WORK TO COMPLETE –
From the line with "4th image of 209 Creekview Dr" to the line with "Photo de la", output every line below exactly, both ends included. Skip the pictures.

SUPPLIED MATERIAL –
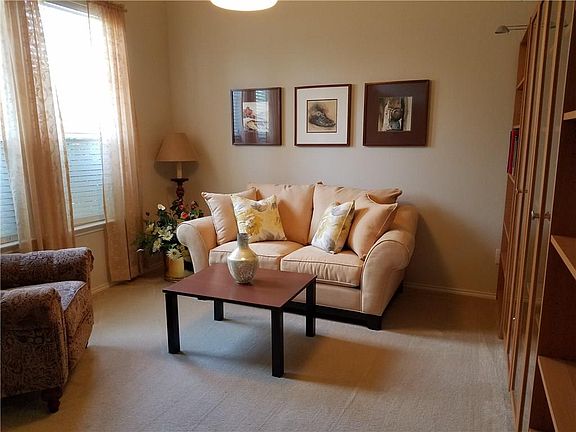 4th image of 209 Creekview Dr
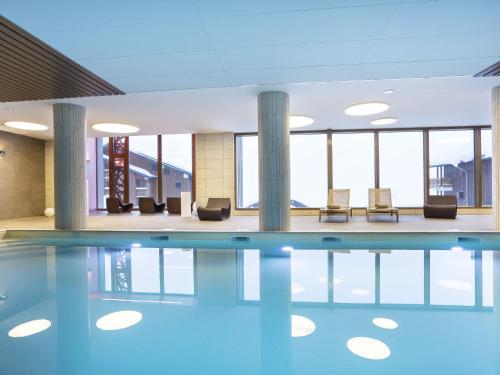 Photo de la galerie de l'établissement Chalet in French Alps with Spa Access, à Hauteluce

--

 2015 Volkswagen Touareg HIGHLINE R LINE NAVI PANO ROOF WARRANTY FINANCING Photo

RESPONSE BOX –
 4th image of 209 Creekview Dr
 Photo de la galerie de l'établissement Chalet in French Alps with Spa Access, à Hauteluce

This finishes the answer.